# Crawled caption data
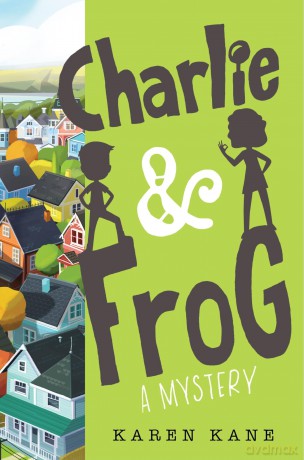 Charlie and Frog: 1 [KSIĄŻKA]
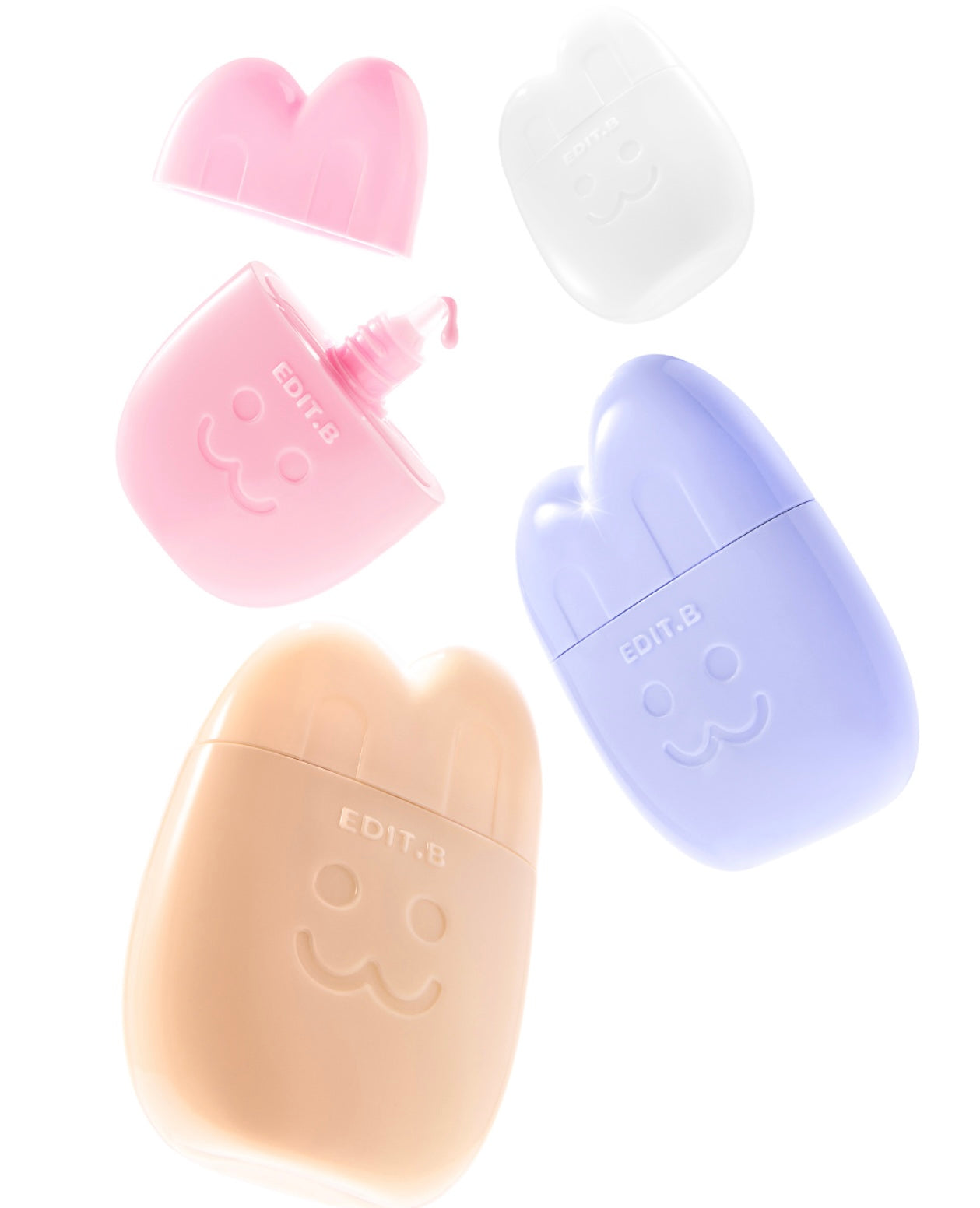 EDIT.B 兔兔濾鏡防曬隔離霜🐰| EDIT.B BARE BUNNY TONE FILTER SUN CREAM✨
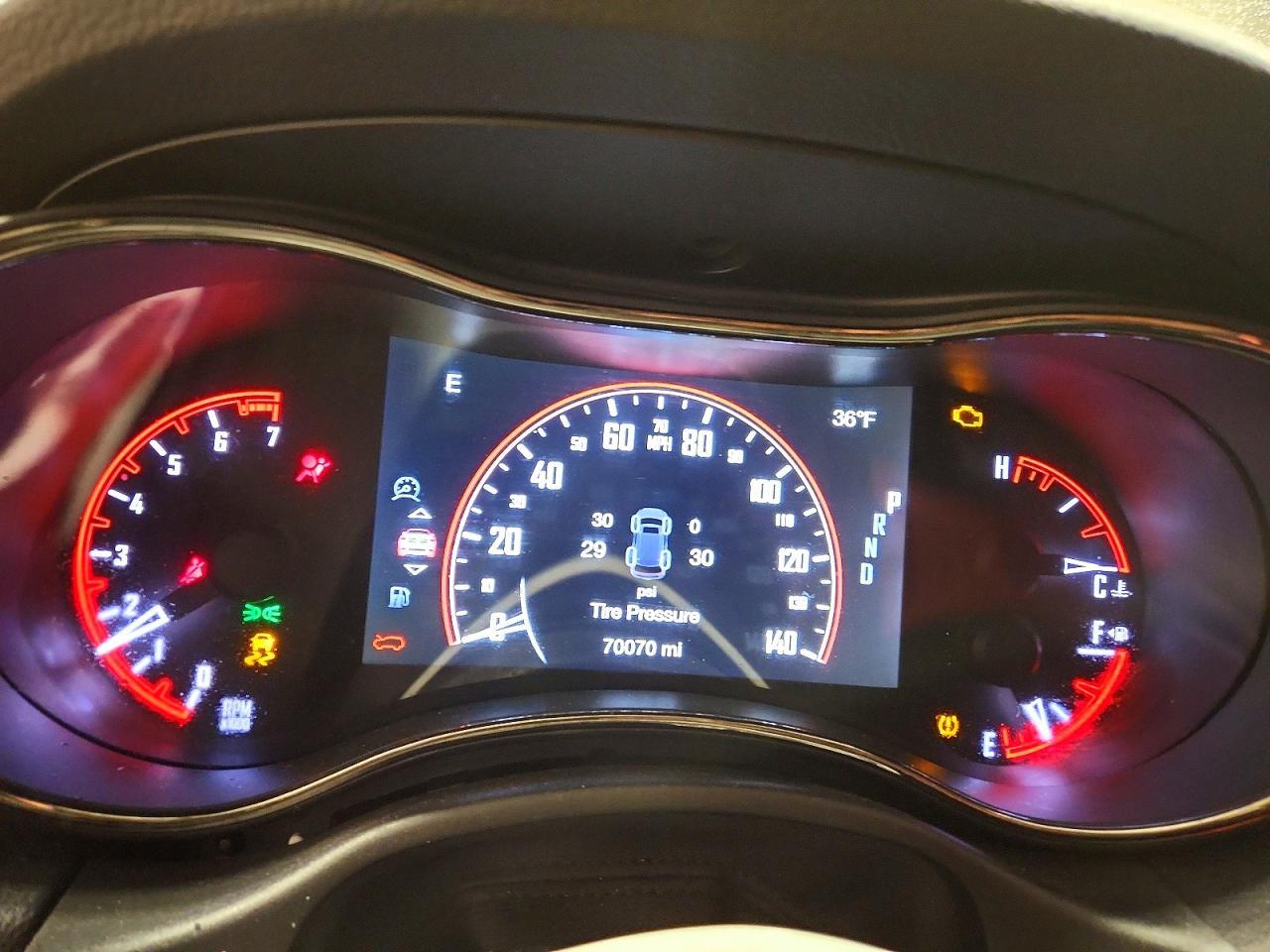2020 DODGE DURANGO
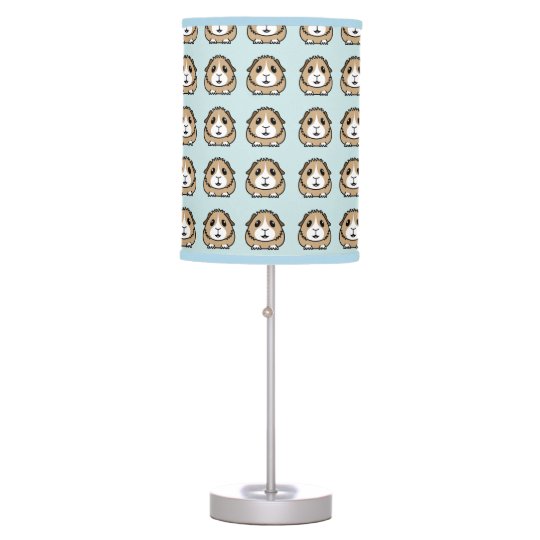 guinea pig lamp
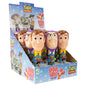CANDY BIP 12 x 10 GR POP UPS LOLLIPOPS TOY STORY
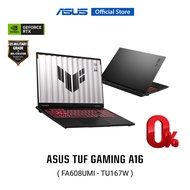 ASUS TUF Gaming A16 gaming laptop 16Inch 144Hz FHD+ IPS NVIDIA GeForce RTX 5060 AMD Ryzen 7 260 Proc
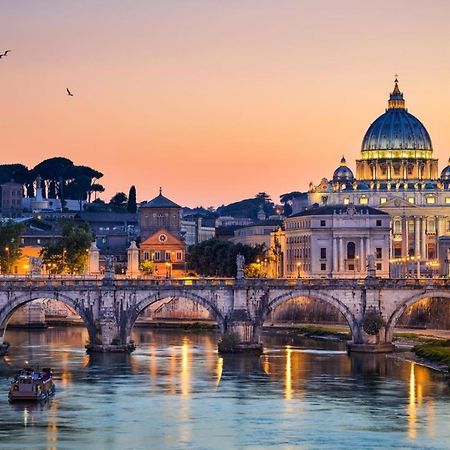 Castel Sant'Angelo Suite Róma Kültér fotó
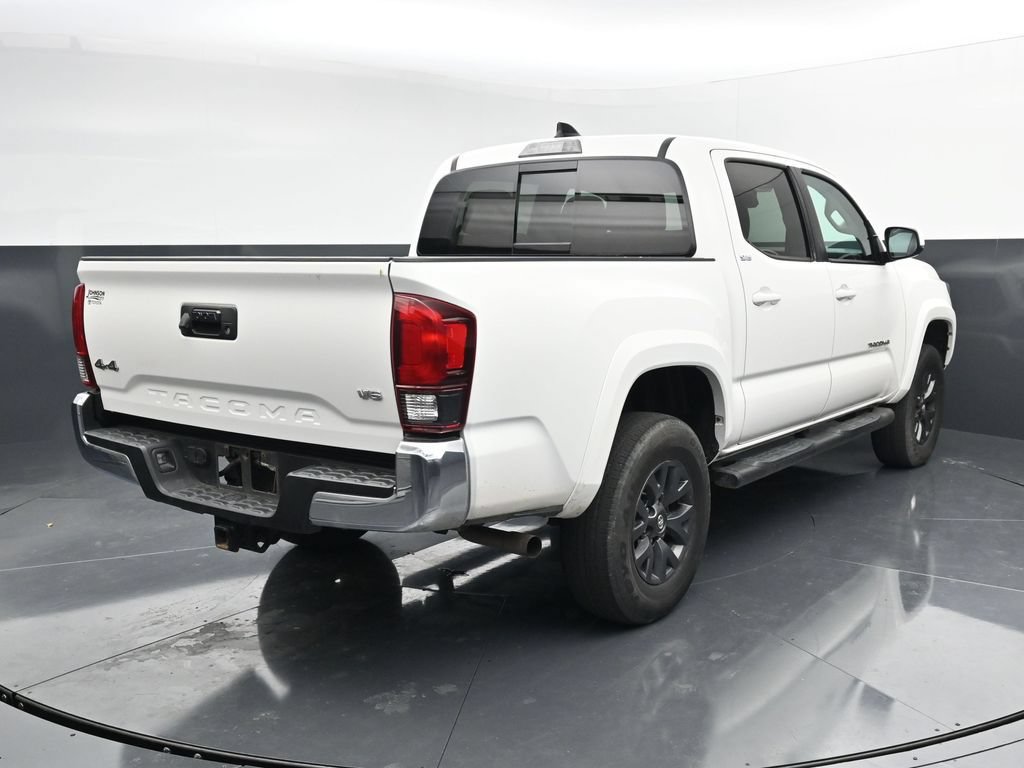 Used 2023 Toyota Tacoma SR5 AWD/4WD image 7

# ACTIVITY
Beginning with the line containing "Castel Sant'Angelo Suite Róma Kültér fotó" and ending with the last line of the data, output those lines exactly and nothing more. Omit every picture.

# YOUR SOLUTION
 Castel Sant'Angelo Suite Róma Kültér fotó
 Used 2023 Toyota Tacoma SR5 AWD/4WD image 7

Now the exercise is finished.